Biofortification with iron and zinc sulfate at concentrations of 0.025, 0.050 and 0.100 µmol dm⁻³ increased the content of these minerals, the antioxidant capacity, and the carbohydrate ratio, both in the leaf and in the pod of the bean of the kidney variety (Phaseolus vulgaris L.). The results propose an improved alternative for human health and the country’s economy that can be a scalable strategy for different types of crops. In both additives, the iron composition was higher since, from the beginning, this component prevailed concerning zinc; in addition, it provided more antioxidant activity in the plant substrate by having more interaction with the DPPH free radical.

It should be noted that the response variables such as iron and zinc content, and total soluble-solids content do not show a constant decreasing or increasing behavior, implying that the process variable of initial sulfate concentration does not generate dependence on these response variables, being purely random.

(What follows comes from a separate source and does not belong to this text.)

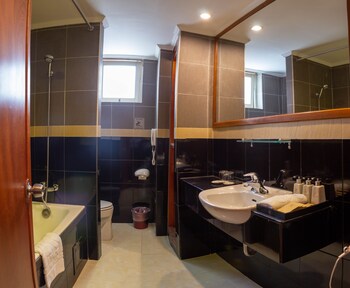 Royal Deluxe | Bathroom | Combined shower/tub, free toiletries, hair dryer, bathrobes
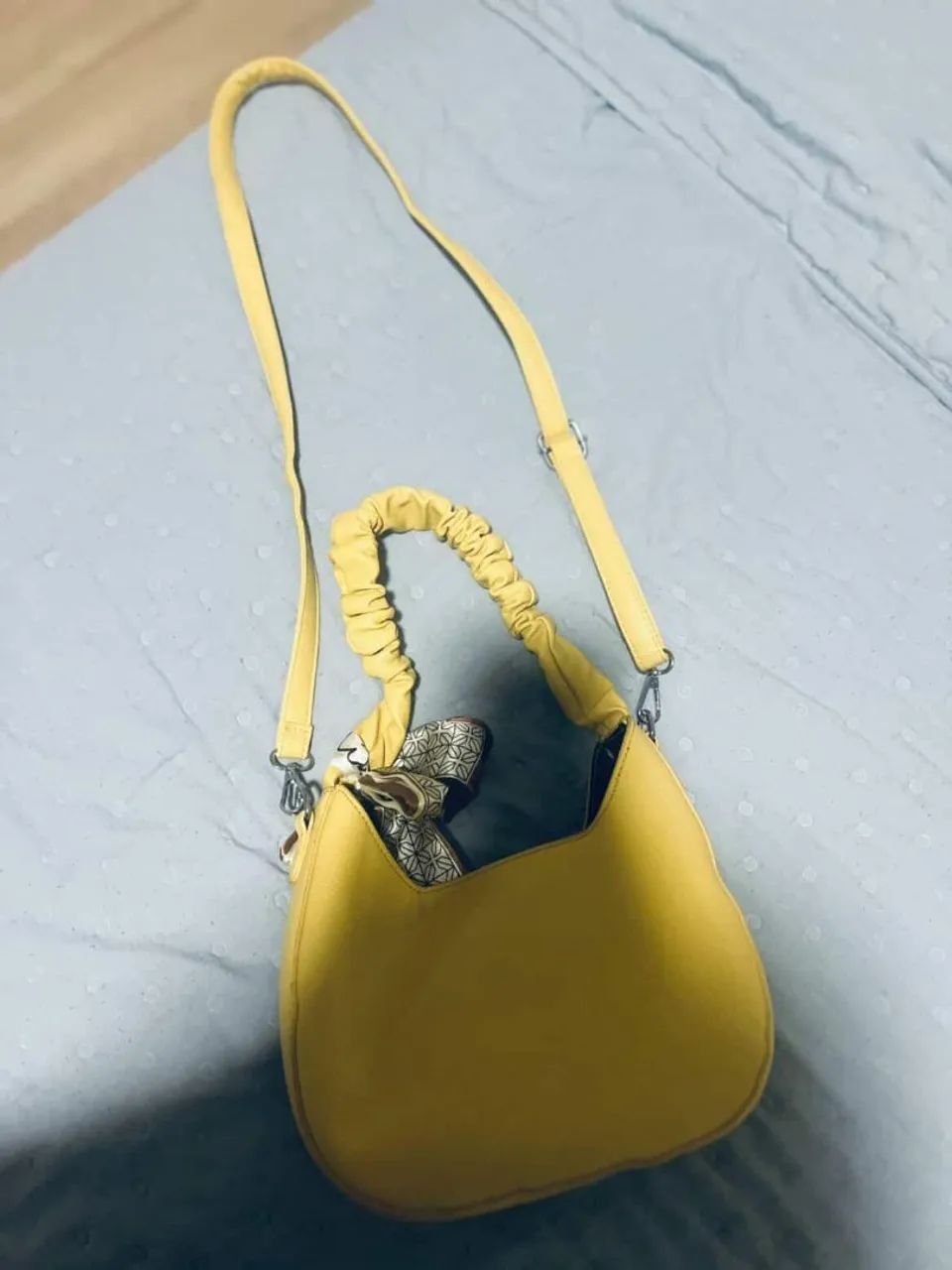 Bolsa de ombro amarela - Foto 3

We suggest implementing a cultivation strategy that involves the addition of sulfates when sowing the kidney bean (Phaseolus vulgaris L.), to have a broad spectrum of results and achieve a better comparison from start to finish. Although the fertilizer-application method was foliar, the possibility of applying the same root or fertigation route should be evaluated to conclude which is the most effective. Due to the analysis of the samples corresponding to the plants and pods collected on the last day, we find it favorable to collect these plant species, the kidney bean, twice before ending the research, for example, every five days.